Basically our lives have been on hold for a while. We weren’t able to develop our relationship like we wanted, and like everybody will want at a certain moment. Since I work as a freelance opera singer, I have to opportunity to work all over the world, and we decided to take our chances and begin our lives.
My sister came to visit me over here for a long weekend and it was so wonderful being able to speak my own language, talk about girly things, have some drinks with her and go out together! We had a lot of conversations and one of them was about my life, about my move over here and my work. For me, even though it is and has been hard, it was such a logical step to make but she reminded me that what I am doing takes a lot of courage and guts. She told me how proud she was of me chasing after my dreams, doing what makes me happy and grabbing chances, since it is so easy to just be afraid of change and let life pass you by. She is right, and I want to share this with you.

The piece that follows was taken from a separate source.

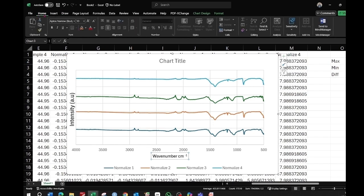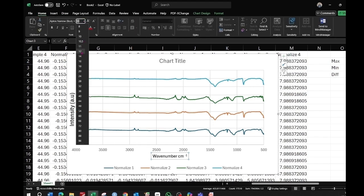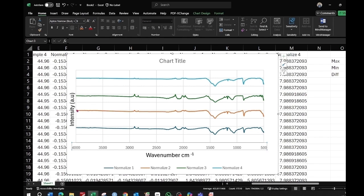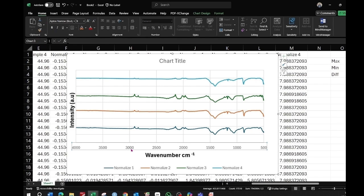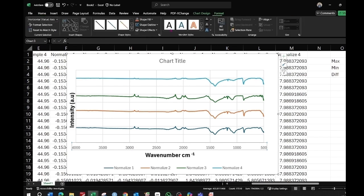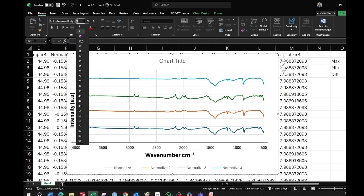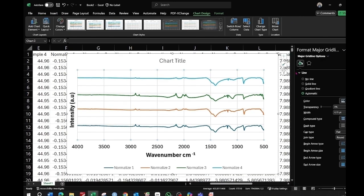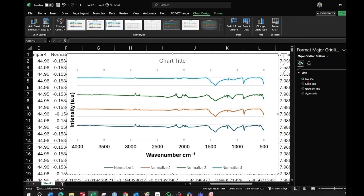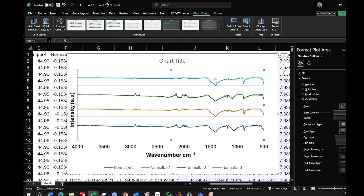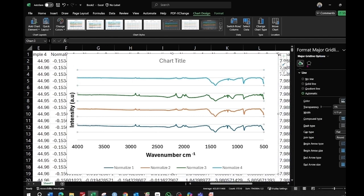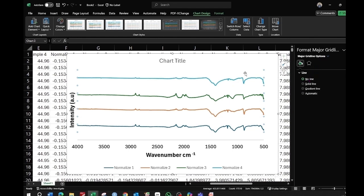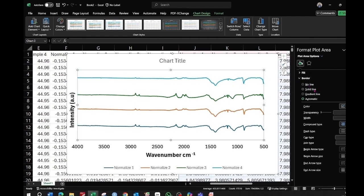Do the same for the y-axis title: go to Format, make it bold and black, and set the size to 14. Similarly, select the x-axis values and apply the same font style and color. Then select the gridlines, double-click to open Format Gridlines, and choose 'No line' to remove them. Do the same for the other gridlines.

All my life I have lived guided by my feelings and passions. My father always tells me that I never seem to take the easy way. I always need to do something extraordinary, passionate or exciting. I always chose for the rocky road, the fun road, even if this road would have potholes in it, would be 10 times longer or the trip would absolutely destroy me. I have done this in my studies, my jobs and even in my love life. I refuse to let anything I love or dream about be taken away from me because it would be more difficult or challenging than settling for something else that would be more convenient. I have always dreamt of being an opera singer, and I went to study at the conservatory, choosing a profession with a lot of uncertainties. I fell in love with a man that lived 1885 km away from me, yet I never thought about breaking up because of the distance…
It never really struck me as something to be proud of, because it was just so naturally for me, but hearing my sister tell me she admires that in me made me realize that I should be proud. I have decided to take the bull (haha!) by his horns and just do it, move to another country and quit your job even though it actually scares the heck out of me. And I hope that by reading this, you will become more aware of chances that life throws at you. Look at them as if these chances are meant to be. Don’t let fear of change, insecurity or the unknown stop you. Don’t think I wasn’t and aren’t afraid! Heck, I still am, but I refuse to let it stop me from making me happy.

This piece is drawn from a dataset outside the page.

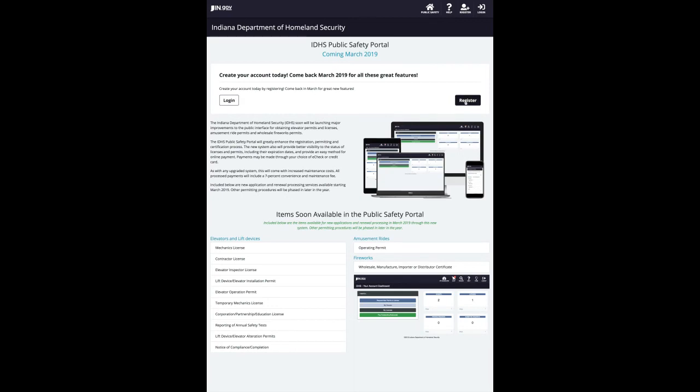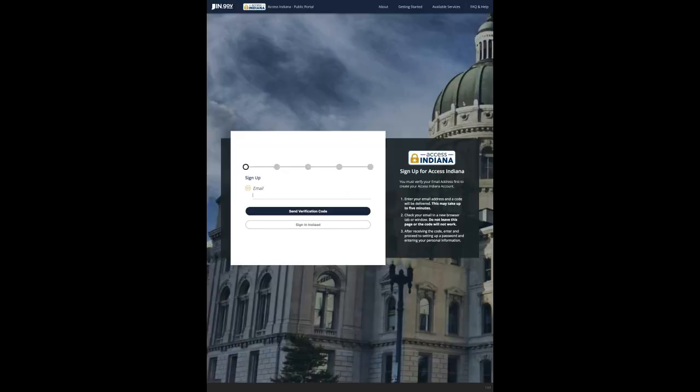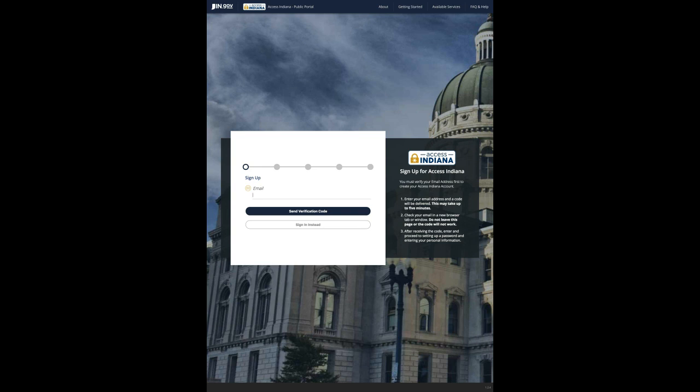If you do not have an Access Indiana account, click register. You'll then be directed to the Access Indiana sign-up form where you can complete registration. Remember to read the instructions on the right side of the screen to complete the form.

Keep this thought in the back of your head: what if certain things are meant to happen in your life, what if life throws opportunities at you because it has great plans for you? And I am talking about big events and small events here… This applies to so many things in your life! Being scared of going to a party because you hardly know anybody there. Maybe you will meet the love of your life there, or a soulmate, or some new friend that will enrich your life? You might come across a job application somewhere, your dreamjob, but you are hesitant to go for an interview because you fear you won’t fit in their profile, you are afraid of rejection… But what if you DO get this job, or what if you get a great insight of what you need in order to be able to do this job?
What I am trying to say is that there are opportunities everywhere. Teach yourself to see them, grab them and take them on. Who knows what it will bring you?